O livro tem um capítulo bastante interessante que fala sobre o escutar tupi. Não é um entendimento de escuta como a compreendemos; a escuta tupi parte de formas diferentes quando o assunto é escutar. A escuta da cultura tupi tem por objetivo perceber o outro que está falando. Vou elencar aqui:
1) ouvido direito: ligado ao que é ativo, o impulso;
2) ouvido esquerdo: ligado ao acolhimento, abertura;
3) ouvido terra: é o que é tátil, do concreto;
4) ouvido água: é a parte emocional do sujeito, do afeto;
5) ouvido ar: é a parte da reflexão, argumentação;
6) ouvido fogo: é o convite para decidir as coisas, com intuição;
7) a integração dos ouvidos: é a simultaneidade, uma escuta integrada.
(DUNKER; THEBAS, 2021)
É muito interessante o que acontece no relacionamento tupi; em outros termos, eles procuram perceber os movimentos do outro. “[…] os indivíduos da tribo vão igualmente reconhecendo qual a característica de escuta de cada integrante da aldeia (DUNKER; THEBAS, 2021, p.165). Ao mesmo tempo, tal escuta propicia o exercício da empatia. “Por exemplo, se reconheço no outro a escuta da terra (concreta, tátil) posso, por exemplo, iniciar a conversa dizendo: “Sabe o que me toca em você?” […]” (DUNKER; THEBAS, 2021, p.165). O povo tupi compreendeu o ato de escutar com as relações do dia a dia, com a troca de experiências, ensinando, perguntando (DUNKER; THEBAS, 2021). A escuta tupi não é simplesmente receber uma demanda de palavras, é muito mais, isto é, é reconhecer as características de cada sujeito que está escutando (DUNKER; THEBAS, 2021). Para os tupis, a pessoa que escuta bem é mais importante do que a que fala bem. “A importância da escuta para os povos tupis se traduz no termo que utilizam para designar o cacique: Acanguatara. Esta palavra significa Cabeça Boa de Escutar” (DUNKER; THEBAS, 2021, p.166). É uma afirmação um tanto considerável; em outras palavras, para a realidade moderna, soa até como algo estrangeiro, que não é daqui. Por fim, a escuta tupi é um convite para uma reflexão por entre tantos barulhos e vozes de todos os tipos e alturas: não é simplesmente escutar, mas perceber o escutar. A escuta também comunica, entretanto, não o som como o conhecemos, ela é uma tradução silenciosa, mais límpida do que muitos ruídos por aí.
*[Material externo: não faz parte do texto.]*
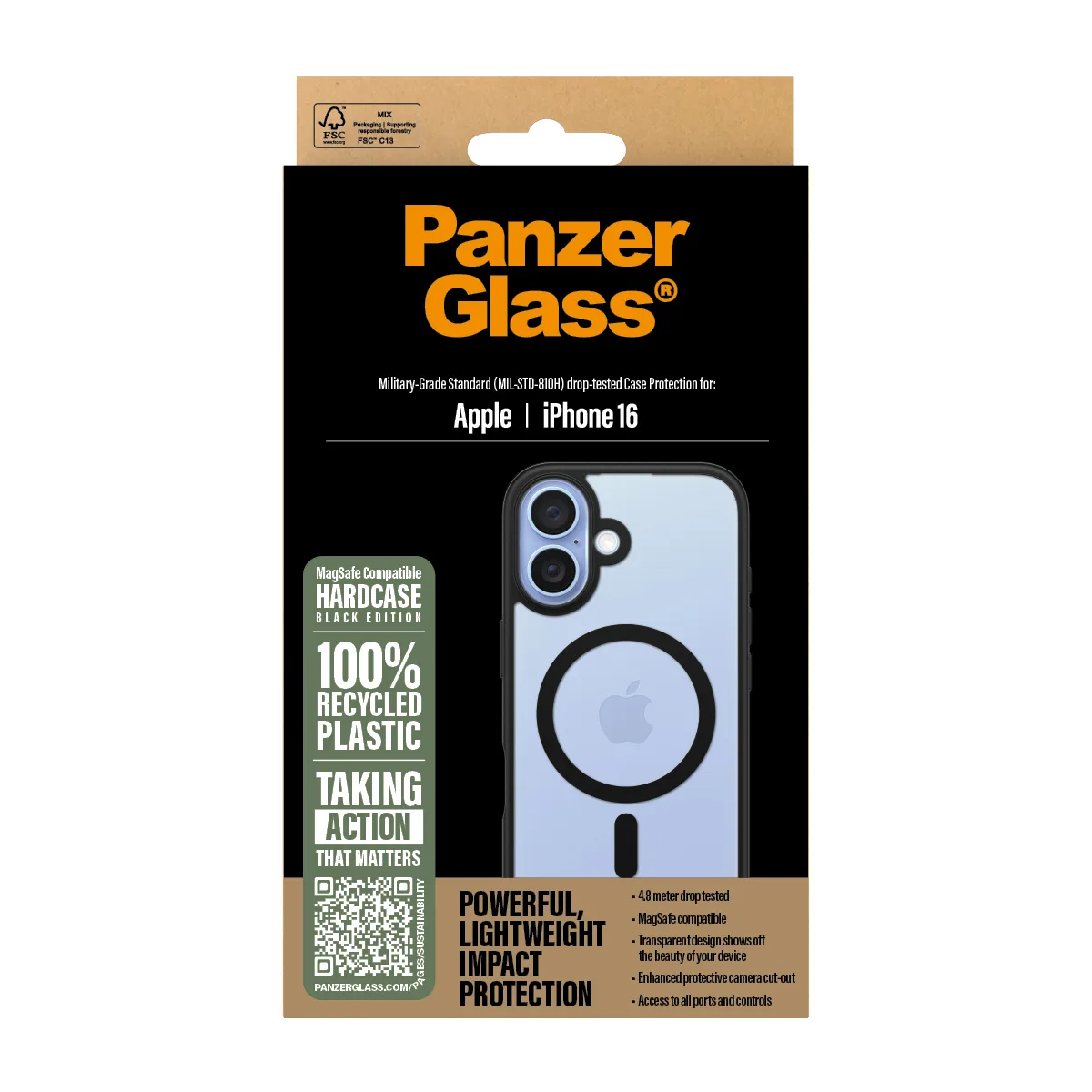 PanzerGlass® HardCase Transparent w. Black MagSafe & Frame iPhone 16 1301 Thumbnail 4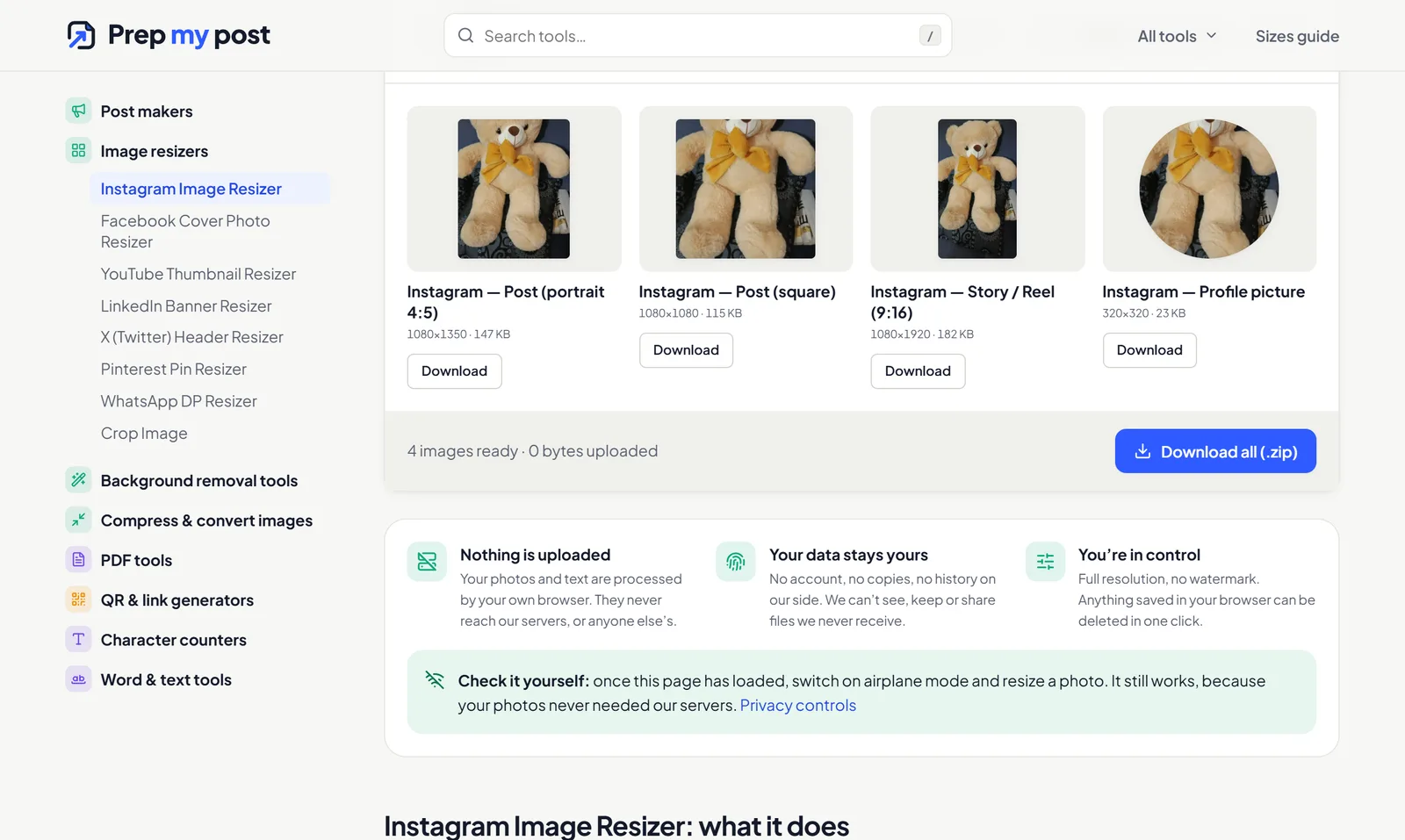 PrepMyPost image resizer exporting one photo to every platform size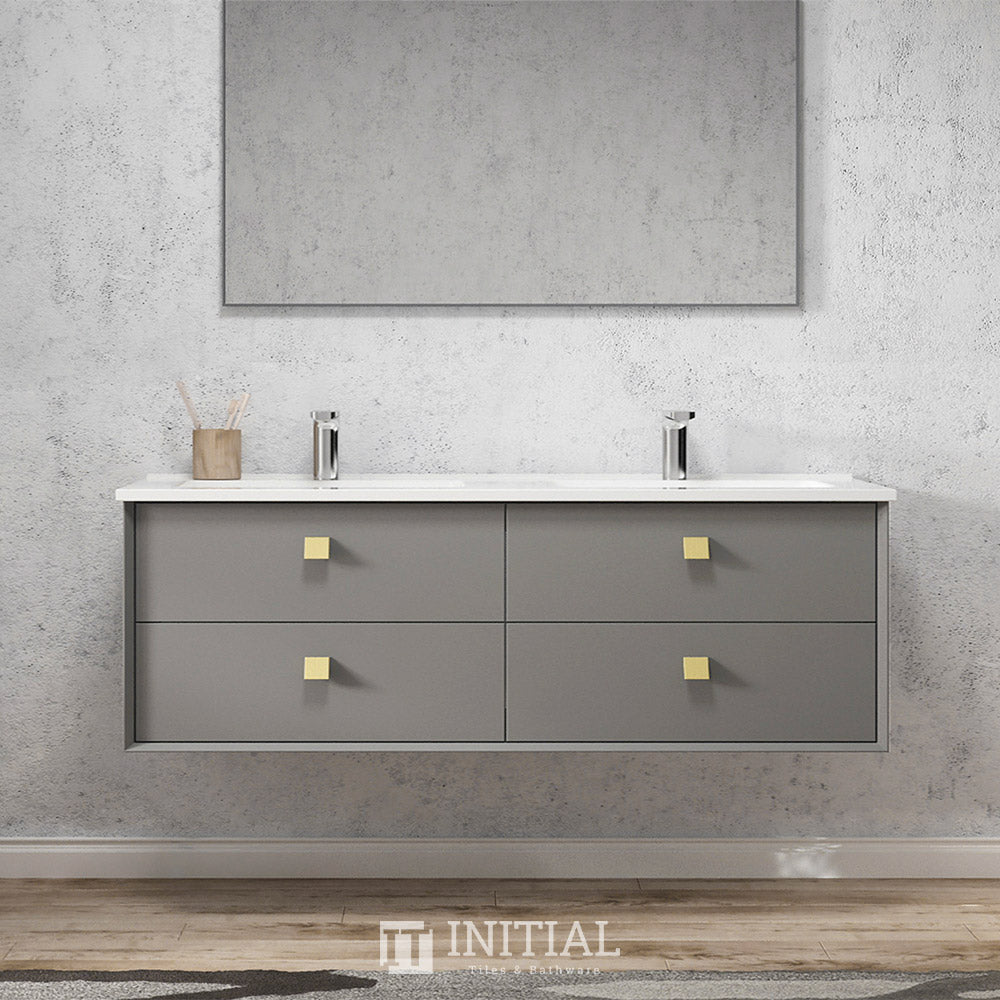 Otti Hugo Wall Hung Vanity with 2 Drawers Soft Close Doors Matt Grey 1490W X 550H X 460D , With Ceramic Top None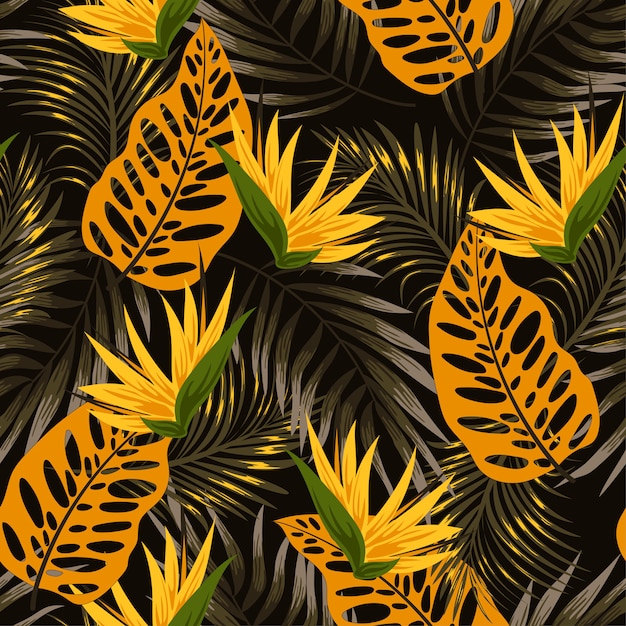 Original seamless tropical pattern with bright plants and leaves on a black background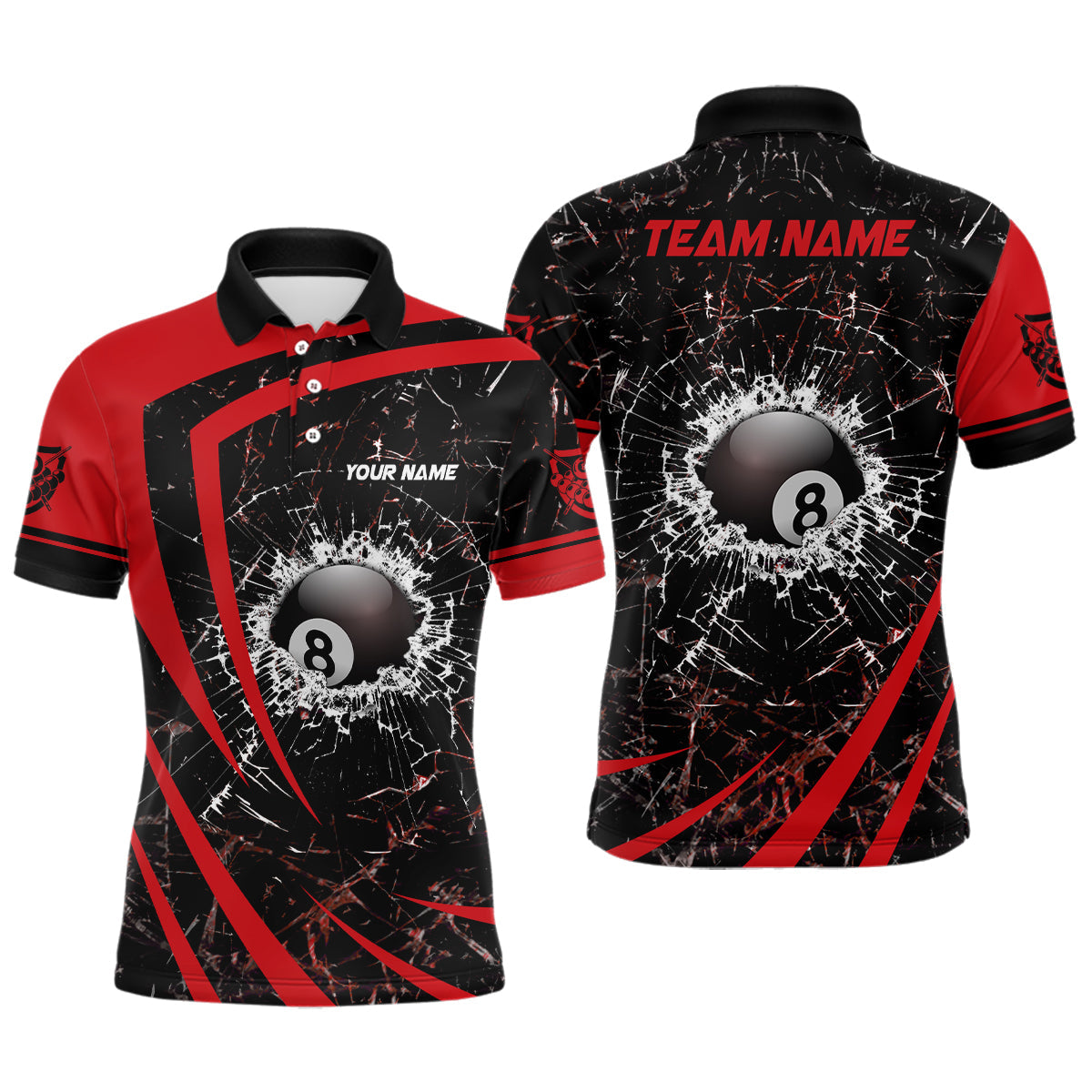 Personalized Red Glass Break 8 Ball Billiard 3D Polo Shirts For Men, Custom 8 Ball Pool Jerseys VHM0973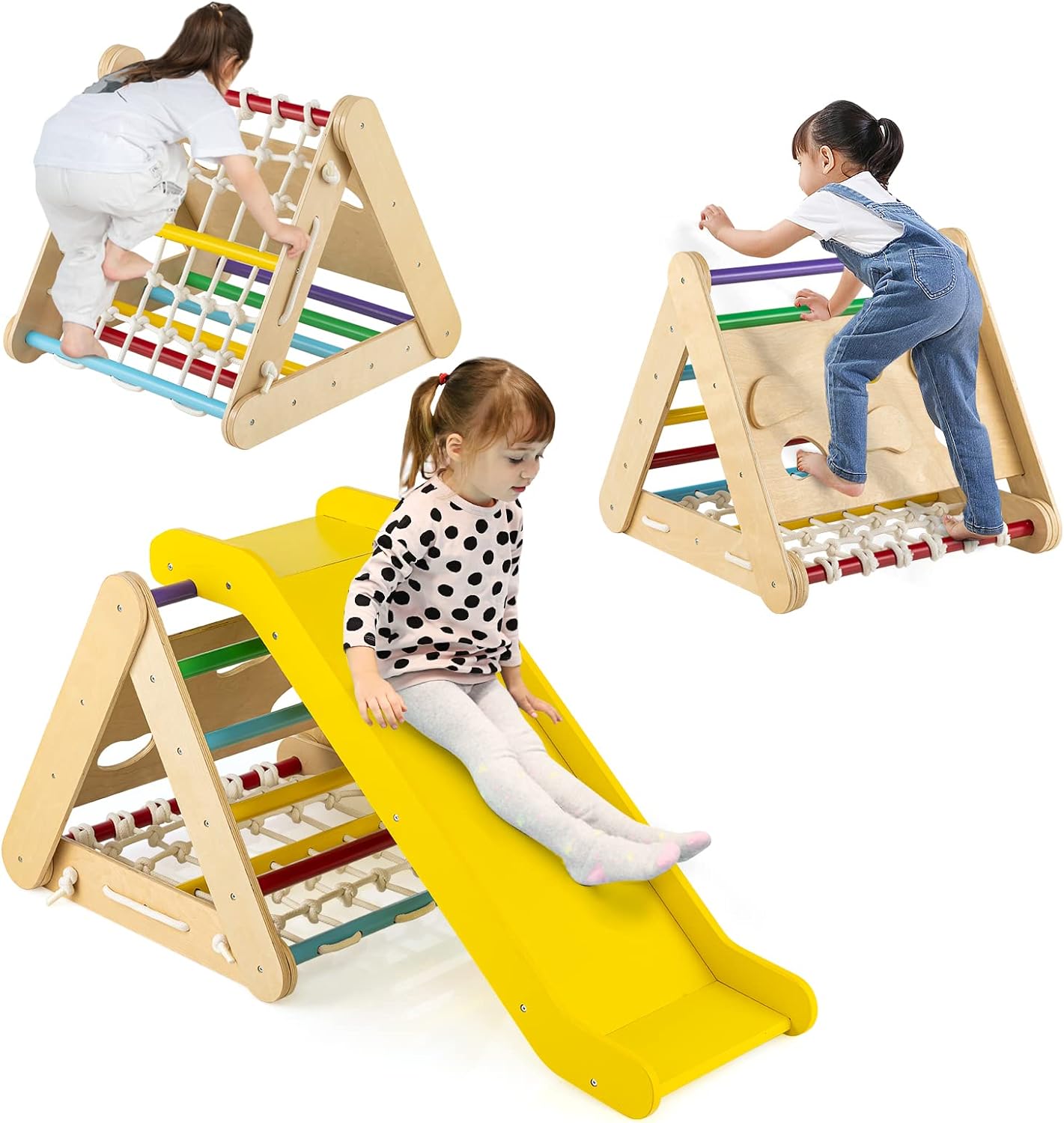 Trójkąt wspinaczkowy 4 w 1 ze zjeżdżalnią, drewniane rusztowanie do wspinaczki i wspinaczki, dla dzieci od 1 roku życia (żółty)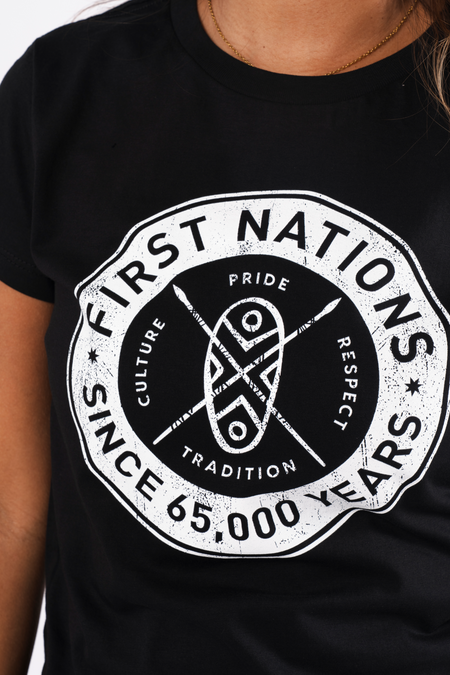 First Nations Shield Black Cotton Crew Neck Womens T-Shirt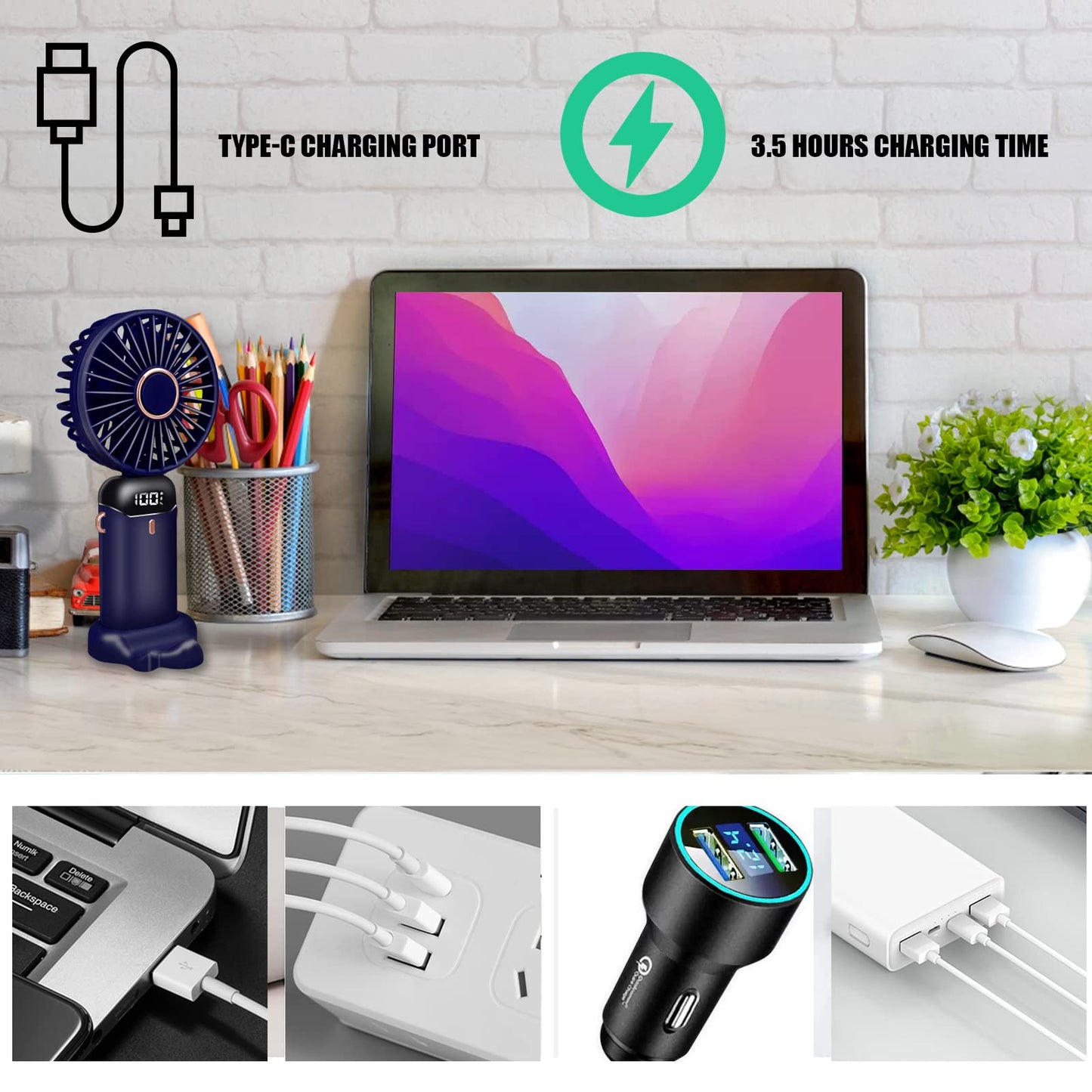 Jsdoin Handventilator, Tragbarer Mini Ventilator, Wiederaufladbar, Kleiner Taschenventilator Mit 5 Geschwindigkeitsstufen, Faltbarer USB-Ventilator für Büro, Outdoor (Dunkelblau)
Escutar, de acordo com o homem moderno, é fácil, mas escutar o escutar, bem, o caminho é um pouco mais longo. E para nós, cristãos, é importante frisar: o ministério de Jesus Cristo, além do anúncio do evangelho através da fala, Cristo também o anunciou pela escuta. Escutou das mais variadas pessoas, dos mais variados problemas; sim, o Salvador anunciou por meio do silêncio, do simplesmente olhar para o outro com amor, com total escuta. Não deixe de escutar o outro, escute, simplesmente escute. De fato, o período quaresmal é o convite para meditarmos sobre o sofrimento de Cristo Jesus, o Deus que anunciou, o Deus que escutou.
REFERÊNCIA
DUNKER, Christian Ingo Lenz e THEBAS, Cláudio. O palhaço e o psicanalista: como escutar os outros pode transformar vidas. 2.ed. São Paulo: Planeta, 2021.